→ **ASSIGNMENT**
In the listing below, locate the line containing "An outdoor dining" and the line containing "Slide: The Image". Output both of them and every line between, exactly as written, and nothing more.

=== INPUT MATERIAL ===

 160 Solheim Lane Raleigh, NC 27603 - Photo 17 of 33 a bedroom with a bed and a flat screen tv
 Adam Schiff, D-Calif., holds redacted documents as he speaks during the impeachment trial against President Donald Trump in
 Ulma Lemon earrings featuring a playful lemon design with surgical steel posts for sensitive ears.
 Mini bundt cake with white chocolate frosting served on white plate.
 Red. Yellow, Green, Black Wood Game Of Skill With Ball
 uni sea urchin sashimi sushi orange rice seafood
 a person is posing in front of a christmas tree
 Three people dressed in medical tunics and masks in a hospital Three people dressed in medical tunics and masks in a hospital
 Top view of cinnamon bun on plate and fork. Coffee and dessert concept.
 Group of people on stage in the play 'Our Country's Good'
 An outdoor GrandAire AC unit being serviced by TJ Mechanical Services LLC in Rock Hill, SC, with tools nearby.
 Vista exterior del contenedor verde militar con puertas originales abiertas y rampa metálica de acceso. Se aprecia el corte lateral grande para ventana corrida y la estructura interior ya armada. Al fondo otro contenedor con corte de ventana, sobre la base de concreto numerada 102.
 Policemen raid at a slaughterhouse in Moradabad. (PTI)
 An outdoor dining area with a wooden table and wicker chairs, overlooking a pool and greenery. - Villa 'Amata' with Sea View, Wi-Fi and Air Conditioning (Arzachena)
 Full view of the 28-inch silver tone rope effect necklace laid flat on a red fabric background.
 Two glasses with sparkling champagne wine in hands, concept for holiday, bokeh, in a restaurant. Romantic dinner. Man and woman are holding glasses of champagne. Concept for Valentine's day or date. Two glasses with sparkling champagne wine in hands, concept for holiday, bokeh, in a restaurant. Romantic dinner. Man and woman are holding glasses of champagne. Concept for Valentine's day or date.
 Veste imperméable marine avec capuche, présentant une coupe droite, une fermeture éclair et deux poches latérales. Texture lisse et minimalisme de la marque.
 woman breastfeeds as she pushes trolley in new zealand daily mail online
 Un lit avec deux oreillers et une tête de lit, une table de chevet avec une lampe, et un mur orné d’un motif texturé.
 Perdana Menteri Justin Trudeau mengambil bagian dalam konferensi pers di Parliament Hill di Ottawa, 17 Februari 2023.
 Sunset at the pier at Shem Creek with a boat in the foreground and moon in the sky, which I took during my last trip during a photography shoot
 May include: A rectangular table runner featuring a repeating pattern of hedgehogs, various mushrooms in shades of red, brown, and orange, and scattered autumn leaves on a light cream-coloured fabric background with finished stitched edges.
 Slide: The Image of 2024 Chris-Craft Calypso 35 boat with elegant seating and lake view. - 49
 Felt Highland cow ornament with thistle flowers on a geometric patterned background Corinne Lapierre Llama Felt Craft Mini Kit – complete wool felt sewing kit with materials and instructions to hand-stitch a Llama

===

→ **FINISHED EXERCISE**
 An outdoor dining area with a wooden table and wicker chairs, overlooking a pool and greenery. - Villa 'Amata' with Sea View, Wi-Fi and Air Conditioning (Arzachena)
 Full view of the 28-inch silver tone rope effect necklace laid flat on a red fabric background.
 Two glasses with sparkling champagne wine in hands, concept for holiday, bokeh, in a restaurant. Romantic dinner. Man and woman are holding glasses of champagne. Concept for Valentine's day or date. Two glasses with sparkling champagne wine in hands, concept for holiday, bokeh, in a restaurant. Romantic dinner. Man and woman are holding glasses of champagne. Concept for Valentine's day or date.
 Veste imperméable marine avec capuche, présentant une coupe droite, une fermeture éclair et deux poches latérales. Texture lisse et minimalisme de la marque.
 woman breastfeeds as she pushes trolley in new zealand daily mail online
 Un lit avec deux oreillers et une tête de lit, une table de chevet avec une lampe, et un mur orné d’un motif texturé.
 Perdana Menteri Justin Trudeau mengambil bagian dalam konferensi pers di Parliament Hill di Ottawa, 17 Februari 2023.
 Sunset at the pier at Shem Creek with a boat in the foreground and moon in the sky, which I took during my last trip during a photography shoot
 May include: A rectangular table runner featuring a repeating pattern of hedgehogs, various mushrooms in shades of red, brown, and orange, and scattered autumn leaves on a light cream-coloured fabric background with finished stitched edges.
 Slide: The Image of 2024 Chris-Craft Calypso 35 boat with elegant seating and lake view. - 49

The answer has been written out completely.